3.3.2 Intrapartum and essential newborn care

Photo credits: Jhpiego

No birth is without risk and therefore all should be supported by a skilled birth attendant with access to referral care if complications arise.

  • If labor (including premature) begins at home, support transfer to a health facility.
  • During the birth, implement clean and respectful birth practices (Box 3.6 and Figure 3.2)
  • Provide thermal care by immediately, thoroughly drying the baby and placing the baby on mother’s chest until the first breastfeeding, including colostrum (initiated usually within the first hour of birth where possible).
  • For all newborns who are breathing at birth and do not require resuscitation, do not bulb suction the mouth and nose, and do not clamp the cord for at least one minute after birth.[2] For further details on cord clamping, see Box 3.7
  • For babies who don’t start spontaneous breathing within 60 seconds clear the airway and immediately start tactile stimulation by rubbing the back and thorough drying.info See Box 3.8 and Figure 3.3 for further guidance.
Box 3.6: Basic Preventive Measures to Reduce the Risk of Early Neonatal Infections
  • Employ clean birth practices at birth
  • Wash hands before and throughout birth
  • Use sterilized gloves and supplies, including a clean surface, clean cord and tying instruments, sterile cutting instruments and a clean cutting surface.
  • Ensure that the mother and family wash hands before handling the baby
  • Emphasize hygienic cord care (see Box 3.9)
  • Administer antibiotics to women with prolonged rupture of membrane
  • Treat any maternal infections during pregnancy and labor
  • Encourage early initiation of exclusive breastfeeding

Box 3.7: Optimal timing of cord clamping for the prevention of iron deficiency anaemia in infants

At the time of birth, an infant is still attached to the mother via the umbilical cord, which is part of the placenta. The infant is usually separated from the placenta by clamping the umbilical cord. Early cord clamping is generally carried out in the first 60 seconds after birth, whereas later cord clamping is carried out between 1-3 minutes after the birth or when cord pulsation has ceased. Delaying cord clamping allows blood flow between the placenta and neonate to continue, which may improve iron status in the infant for up to six months after birth. This may be particularly relevant for infants living in low-resource settings with reduced access to iron-rich foods. Delayed umbilical cord clamping (not earlier than 1 min after birth) is recommended for improved maternal and infant health and nutrition outcomes.

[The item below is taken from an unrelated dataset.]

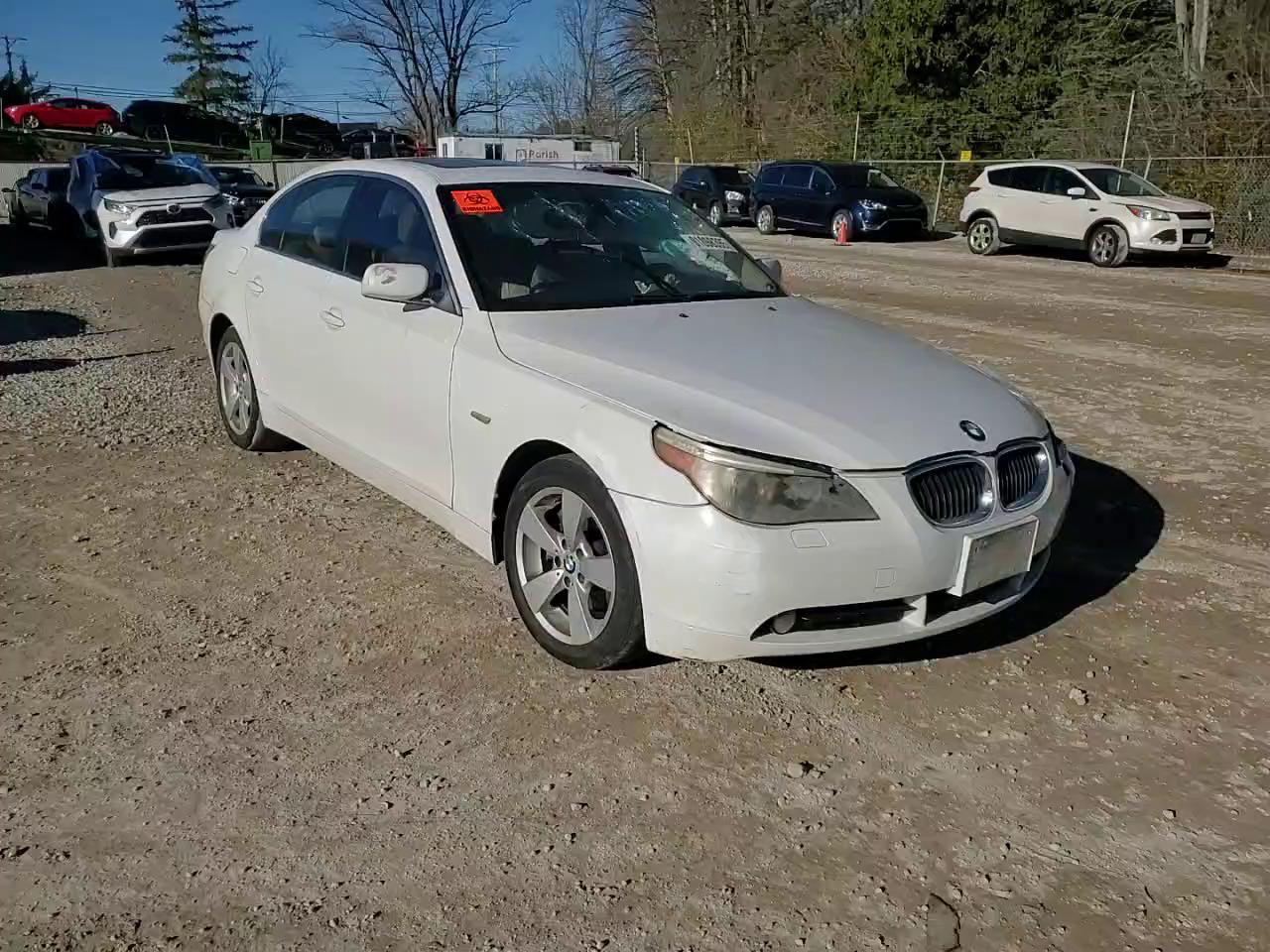 Фото: WBANF735X7CU26367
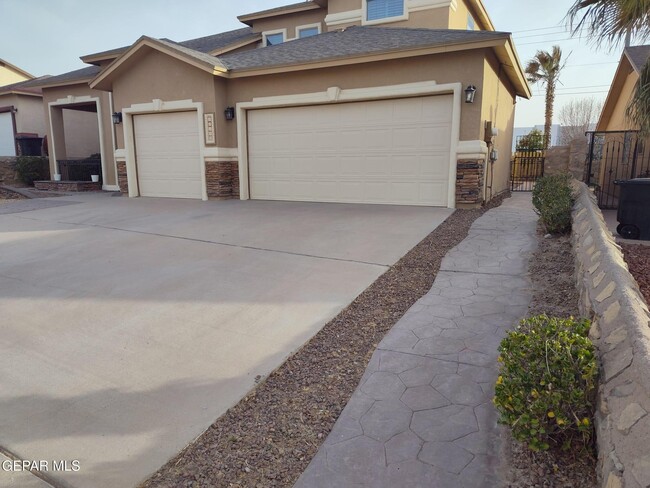 12140 Rathmore Dr in El Paso, TX - Building Photo - Building Photo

  • In newly born term or preterm babies who do not require positive-pressure ventilation, the cord should not be clamped earlier than 1 min after birth.
  • When newly born term or preterm babies require positive-pressure ventilation, the cord should be clamped and cut to allow effective ventilation to be performed.
  • Newly born babies who do not breathe spontaneously after thorough drying should be stimulated by rubbing the back 2–3 times before clamping the cord and initiating positive-pressure ventilation.
  • For basic newborn resuscitation, if there is experience in providing effective positive-pressure ventilation without cutting the umbilical cord, ventilation can be initiated before cutting the cord.

Source: Guideline: Delayed umbilical cord clamping for improved maternal and infant health and nutrition outcomes. WHO, 2014

Box 3.8: Helping Newborns Who Don’t Spontaneously Breathe

Up to 10% of newborns do not spontaneously breathe within the first “golden minute” after birth and require some type of assistance.

Most of these babies can be helped by opening the airway, rubbing the back and thorough drying.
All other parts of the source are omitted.